TASK INSTRUCTIONS: Of all the lines in the entries below, give again exactly those starting at the line containing "Fertilova™ for Women" and ending at the line containing "Разград - „Бели", both ends included, and no others.

== MATERIAL FOR THIS EXERCISE

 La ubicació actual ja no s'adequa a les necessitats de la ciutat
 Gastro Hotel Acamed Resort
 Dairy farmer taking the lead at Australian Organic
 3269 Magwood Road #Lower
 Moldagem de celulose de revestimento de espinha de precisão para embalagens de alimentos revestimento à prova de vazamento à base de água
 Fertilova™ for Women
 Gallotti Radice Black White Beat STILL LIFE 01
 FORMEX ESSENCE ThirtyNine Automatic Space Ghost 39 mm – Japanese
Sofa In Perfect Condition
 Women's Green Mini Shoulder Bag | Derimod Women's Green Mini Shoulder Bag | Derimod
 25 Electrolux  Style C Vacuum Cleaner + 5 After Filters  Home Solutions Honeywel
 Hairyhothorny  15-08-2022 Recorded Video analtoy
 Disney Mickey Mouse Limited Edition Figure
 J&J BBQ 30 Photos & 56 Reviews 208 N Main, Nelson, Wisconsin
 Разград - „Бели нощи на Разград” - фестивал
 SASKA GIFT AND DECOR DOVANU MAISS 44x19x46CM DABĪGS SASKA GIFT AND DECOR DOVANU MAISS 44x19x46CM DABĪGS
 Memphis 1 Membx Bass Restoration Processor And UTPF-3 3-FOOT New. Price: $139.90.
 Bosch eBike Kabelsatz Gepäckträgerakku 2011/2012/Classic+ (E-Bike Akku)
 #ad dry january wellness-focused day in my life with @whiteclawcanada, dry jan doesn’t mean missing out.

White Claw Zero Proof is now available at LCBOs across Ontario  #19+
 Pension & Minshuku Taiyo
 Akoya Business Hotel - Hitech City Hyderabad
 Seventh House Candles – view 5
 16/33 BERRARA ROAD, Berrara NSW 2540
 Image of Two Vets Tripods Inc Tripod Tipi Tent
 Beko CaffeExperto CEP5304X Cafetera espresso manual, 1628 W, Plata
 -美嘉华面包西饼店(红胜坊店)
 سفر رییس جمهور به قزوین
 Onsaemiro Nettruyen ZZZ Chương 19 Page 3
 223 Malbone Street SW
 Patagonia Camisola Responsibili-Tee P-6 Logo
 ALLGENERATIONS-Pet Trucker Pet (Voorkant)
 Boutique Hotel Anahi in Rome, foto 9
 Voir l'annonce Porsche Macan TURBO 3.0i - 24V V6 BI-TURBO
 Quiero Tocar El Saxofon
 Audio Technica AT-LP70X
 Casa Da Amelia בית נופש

====

RESULT:
 Fertilova™ for Women
 Gallotti Radice Black White Beat STILL LIFE 01
 FORMEX ESSENCE ThirtyNine Automatic Space Ghost 39 mm – Japanese
Sofa In Perfect Condition
 Women's Green Mini Shoulder Bag | Derimod Women's Green Mini Shoulder Bag | Derimod
 25 Electrolux  Style C Vacuum Cleaner + 5 After Filters  Home Solutions Honeywel
 Hairyhothorny  15-08-2022 Recorded Video analtoy
 Disney Mickey Mouse Limited Edition Figure
 J&J BBQ 30 Photos & 56 Reviews 208 N Main, Nelson, Wisconsin
 Разград - „Бели нощи на Разград” - фестивал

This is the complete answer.